[Dataset — start]
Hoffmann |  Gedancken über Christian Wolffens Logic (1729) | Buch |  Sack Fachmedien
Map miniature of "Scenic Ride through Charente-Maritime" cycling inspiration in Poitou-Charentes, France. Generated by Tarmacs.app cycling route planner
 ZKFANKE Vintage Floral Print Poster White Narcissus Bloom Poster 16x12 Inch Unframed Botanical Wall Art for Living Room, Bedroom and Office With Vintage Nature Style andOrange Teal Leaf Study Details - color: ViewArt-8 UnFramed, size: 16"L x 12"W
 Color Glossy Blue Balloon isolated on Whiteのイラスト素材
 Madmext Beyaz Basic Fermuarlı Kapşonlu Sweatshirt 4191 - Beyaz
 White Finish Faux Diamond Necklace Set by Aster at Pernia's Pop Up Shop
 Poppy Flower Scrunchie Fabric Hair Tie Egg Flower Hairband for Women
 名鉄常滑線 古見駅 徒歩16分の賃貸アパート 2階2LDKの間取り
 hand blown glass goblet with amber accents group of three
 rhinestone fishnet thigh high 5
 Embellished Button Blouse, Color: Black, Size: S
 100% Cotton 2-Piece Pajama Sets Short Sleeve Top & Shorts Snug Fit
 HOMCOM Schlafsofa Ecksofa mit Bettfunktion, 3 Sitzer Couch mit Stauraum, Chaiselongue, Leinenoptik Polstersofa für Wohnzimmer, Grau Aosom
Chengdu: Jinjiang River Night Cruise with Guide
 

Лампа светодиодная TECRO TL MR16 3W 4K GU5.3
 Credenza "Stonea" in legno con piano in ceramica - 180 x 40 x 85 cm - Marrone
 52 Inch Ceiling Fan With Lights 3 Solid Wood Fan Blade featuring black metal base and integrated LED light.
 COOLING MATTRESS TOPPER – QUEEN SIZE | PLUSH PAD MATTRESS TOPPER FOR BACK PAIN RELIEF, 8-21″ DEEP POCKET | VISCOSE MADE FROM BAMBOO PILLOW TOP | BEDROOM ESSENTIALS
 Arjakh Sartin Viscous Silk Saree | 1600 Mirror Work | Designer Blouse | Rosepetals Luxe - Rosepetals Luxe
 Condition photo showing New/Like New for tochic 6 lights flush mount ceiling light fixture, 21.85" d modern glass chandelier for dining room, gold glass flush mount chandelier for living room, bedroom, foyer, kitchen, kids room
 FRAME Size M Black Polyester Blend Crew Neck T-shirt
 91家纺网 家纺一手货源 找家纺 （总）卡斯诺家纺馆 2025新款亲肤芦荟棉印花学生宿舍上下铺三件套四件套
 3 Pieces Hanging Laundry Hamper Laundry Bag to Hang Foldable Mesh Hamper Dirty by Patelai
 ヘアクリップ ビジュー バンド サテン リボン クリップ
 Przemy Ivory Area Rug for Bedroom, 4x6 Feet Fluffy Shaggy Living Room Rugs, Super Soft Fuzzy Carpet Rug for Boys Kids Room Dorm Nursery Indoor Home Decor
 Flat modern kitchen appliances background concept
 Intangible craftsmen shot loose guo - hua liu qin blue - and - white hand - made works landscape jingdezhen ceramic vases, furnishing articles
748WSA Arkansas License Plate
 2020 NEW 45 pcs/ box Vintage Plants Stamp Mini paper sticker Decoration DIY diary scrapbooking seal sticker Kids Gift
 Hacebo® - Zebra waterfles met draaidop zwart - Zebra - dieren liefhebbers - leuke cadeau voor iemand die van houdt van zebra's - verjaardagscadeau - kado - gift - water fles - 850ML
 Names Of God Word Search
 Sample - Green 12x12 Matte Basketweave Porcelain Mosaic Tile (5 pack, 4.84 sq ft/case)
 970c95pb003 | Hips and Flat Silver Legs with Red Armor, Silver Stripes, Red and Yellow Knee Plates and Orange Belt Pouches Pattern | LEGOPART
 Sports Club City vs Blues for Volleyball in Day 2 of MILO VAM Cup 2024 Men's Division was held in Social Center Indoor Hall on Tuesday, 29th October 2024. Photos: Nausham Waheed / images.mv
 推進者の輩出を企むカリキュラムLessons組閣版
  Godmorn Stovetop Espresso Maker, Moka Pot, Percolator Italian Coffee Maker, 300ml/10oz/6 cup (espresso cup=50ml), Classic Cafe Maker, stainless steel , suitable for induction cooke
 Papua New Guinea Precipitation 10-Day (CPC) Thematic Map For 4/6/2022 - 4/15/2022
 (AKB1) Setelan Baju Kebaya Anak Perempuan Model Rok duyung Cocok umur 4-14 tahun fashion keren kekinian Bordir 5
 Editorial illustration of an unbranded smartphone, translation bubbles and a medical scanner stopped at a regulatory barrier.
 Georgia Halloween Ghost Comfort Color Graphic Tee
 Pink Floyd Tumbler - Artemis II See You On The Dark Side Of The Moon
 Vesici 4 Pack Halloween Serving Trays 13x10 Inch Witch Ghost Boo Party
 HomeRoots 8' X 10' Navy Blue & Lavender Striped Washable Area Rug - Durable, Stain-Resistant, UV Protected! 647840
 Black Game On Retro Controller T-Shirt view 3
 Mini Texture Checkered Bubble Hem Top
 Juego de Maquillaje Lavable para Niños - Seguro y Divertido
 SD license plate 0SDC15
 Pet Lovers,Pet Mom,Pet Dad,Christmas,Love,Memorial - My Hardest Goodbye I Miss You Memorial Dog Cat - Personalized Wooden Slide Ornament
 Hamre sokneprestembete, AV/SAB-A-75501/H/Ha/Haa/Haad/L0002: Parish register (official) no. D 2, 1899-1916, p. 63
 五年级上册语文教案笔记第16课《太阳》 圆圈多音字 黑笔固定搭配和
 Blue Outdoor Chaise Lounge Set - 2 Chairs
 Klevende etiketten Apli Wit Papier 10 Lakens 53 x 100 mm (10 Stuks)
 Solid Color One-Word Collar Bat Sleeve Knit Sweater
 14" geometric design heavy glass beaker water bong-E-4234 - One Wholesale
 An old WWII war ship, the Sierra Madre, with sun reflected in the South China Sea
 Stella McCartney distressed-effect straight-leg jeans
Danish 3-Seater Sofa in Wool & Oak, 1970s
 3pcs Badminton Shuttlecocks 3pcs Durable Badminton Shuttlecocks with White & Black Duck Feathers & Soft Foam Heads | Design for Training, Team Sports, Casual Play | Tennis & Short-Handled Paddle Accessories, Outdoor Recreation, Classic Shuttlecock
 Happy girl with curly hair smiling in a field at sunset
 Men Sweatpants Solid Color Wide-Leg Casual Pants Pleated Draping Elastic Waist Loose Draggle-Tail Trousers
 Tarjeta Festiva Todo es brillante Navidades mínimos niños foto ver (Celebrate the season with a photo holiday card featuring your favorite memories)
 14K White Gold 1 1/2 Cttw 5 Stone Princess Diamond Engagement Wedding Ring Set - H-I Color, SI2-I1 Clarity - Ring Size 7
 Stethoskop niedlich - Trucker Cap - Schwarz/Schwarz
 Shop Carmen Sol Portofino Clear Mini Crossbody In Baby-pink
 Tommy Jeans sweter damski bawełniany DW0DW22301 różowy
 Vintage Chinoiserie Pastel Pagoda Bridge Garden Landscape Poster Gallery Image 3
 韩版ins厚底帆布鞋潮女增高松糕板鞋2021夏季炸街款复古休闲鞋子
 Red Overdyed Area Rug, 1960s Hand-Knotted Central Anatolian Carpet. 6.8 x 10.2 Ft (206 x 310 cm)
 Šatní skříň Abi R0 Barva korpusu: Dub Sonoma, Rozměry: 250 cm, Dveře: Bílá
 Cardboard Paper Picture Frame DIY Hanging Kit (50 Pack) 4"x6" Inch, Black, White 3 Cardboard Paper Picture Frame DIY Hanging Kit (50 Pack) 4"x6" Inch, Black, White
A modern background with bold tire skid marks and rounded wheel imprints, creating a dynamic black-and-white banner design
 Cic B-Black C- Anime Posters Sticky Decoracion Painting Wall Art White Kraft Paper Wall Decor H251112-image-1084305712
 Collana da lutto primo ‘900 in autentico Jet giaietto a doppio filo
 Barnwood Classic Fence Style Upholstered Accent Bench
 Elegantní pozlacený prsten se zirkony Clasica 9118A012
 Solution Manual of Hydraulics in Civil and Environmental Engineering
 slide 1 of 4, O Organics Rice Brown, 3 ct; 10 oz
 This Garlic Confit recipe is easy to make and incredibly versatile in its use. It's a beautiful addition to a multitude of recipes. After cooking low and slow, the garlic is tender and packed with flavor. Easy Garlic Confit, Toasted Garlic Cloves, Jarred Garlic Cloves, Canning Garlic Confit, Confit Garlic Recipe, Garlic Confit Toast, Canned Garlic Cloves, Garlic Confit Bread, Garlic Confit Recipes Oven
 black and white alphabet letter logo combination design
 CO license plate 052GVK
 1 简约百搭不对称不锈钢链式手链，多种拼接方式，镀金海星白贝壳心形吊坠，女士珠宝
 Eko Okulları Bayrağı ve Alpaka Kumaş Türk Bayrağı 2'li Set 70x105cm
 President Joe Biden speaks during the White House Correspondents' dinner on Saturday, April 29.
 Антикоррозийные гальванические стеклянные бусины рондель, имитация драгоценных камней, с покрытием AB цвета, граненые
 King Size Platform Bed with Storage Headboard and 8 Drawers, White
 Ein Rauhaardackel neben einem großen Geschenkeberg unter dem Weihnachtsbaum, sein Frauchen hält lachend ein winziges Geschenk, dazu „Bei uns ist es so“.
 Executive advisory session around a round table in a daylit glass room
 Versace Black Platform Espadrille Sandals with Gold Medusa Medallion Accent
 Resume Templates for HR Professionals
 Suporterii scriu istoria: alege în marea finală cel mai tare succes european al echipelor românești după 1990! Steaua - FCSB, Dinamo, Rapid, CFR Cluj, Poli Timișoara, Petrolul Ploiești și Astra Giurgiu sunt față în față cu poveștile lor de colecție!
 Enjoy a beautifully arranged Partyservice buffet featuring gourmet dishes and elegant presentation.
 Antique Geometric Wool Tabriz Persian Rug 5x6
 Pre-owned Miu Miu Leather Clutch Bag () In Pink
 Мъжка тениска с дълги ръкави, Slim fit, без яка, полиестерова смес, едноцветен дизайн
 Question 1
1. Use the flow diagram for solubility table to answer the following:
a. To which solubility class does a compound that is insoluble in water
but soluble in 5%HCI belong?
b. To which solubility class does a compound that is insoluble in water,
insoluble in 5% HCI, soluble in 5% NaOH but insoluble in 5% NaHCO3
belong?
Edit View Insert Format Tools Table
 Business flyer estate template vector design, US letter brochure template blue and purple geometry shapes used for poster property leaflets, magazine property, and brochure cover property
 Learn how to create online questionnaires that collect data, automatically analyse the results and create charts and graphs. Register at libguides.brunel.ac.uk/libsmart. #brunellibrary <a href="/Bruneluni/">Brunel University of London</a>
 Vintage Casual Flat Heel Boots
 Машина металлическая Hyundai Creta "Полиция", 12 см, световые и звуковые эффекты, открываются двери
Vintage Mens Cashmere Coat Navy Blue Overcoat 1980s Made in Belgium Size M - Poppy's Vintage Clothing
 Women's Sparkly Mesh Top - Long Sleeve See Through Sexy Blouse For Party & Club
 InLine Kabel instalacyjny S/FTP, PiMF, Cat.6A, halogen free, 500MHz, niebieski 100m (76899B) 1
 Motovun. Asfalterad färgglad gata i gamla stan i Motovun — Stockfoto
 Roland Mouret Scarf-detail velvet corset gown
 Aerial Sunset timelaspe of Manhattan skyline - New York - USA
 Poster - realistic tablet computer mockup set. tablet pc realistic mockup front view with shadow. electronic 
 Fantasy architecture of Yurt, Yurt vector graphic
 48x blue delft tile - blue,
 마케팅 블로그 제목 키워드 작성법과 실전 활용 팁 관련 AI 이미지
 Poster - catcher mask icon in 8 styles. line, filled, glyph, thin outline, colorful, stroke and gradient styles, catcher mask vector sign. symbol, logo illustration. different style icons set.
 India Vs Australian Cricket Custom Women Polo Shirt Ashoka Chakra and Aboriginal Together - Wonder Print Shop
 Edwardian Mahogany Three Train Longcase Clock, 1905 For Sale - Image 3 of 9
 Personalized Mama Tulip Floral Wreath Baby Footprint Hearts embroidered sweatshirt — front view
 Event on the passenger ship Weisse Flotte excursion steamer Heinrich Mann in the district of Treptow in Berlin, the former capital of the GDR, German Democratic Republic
[Dataset — finish]
• _About this exercise_: A verbatim transcription is needed of the lines above, starting at the line with "Resume Templates for HR Professionals" and ending at the line with "Business flyer estate", both included, and of nothing else.

• _Result of this exercise_:
 Resume Templates for HR Professionals
 Suporterii scriu istoria: alege în marea finală cel mai tare succes european al echipelor românești după 1990! Steaua - FCSB, Dinamo, Rapid, CFR Cluj, Poli Timișoara, Petrolul Ploiești și Astra Giurgiu sunt față în față cu poveștile lor de colecție!
 Enjoy a beautifully arranged Partyservice buffet featuring gourmet dishes and elegant presentation.
 Antique Geometric Wool Tabriz Persian Rug 5x6
 Pre-owned Miu Miu Leather Clutch Bag () In Pink
 Мъжка тениска с дълги ръкави, Slim fit, без яка, полиестерова смес, едноцветен дизайн
 Question 1
1. Use the flow diagram for solubility table to answer the following:
a. To which solubility class does a compound that is insoluble in water
but soluble in 5%HCI belong?
b. To which solubility class does a compound that is insoluble in water,
insoluble in 5% HCI, soluble in 5% NaOH but insoluble in 5% NaHCO3
belong?
Edit View Insert Format Tools Table
 Business flyer estate template vector design, US letter brochure template blue and purple geometry shapes used for poster property leaflets, magazine property, and brochure cover property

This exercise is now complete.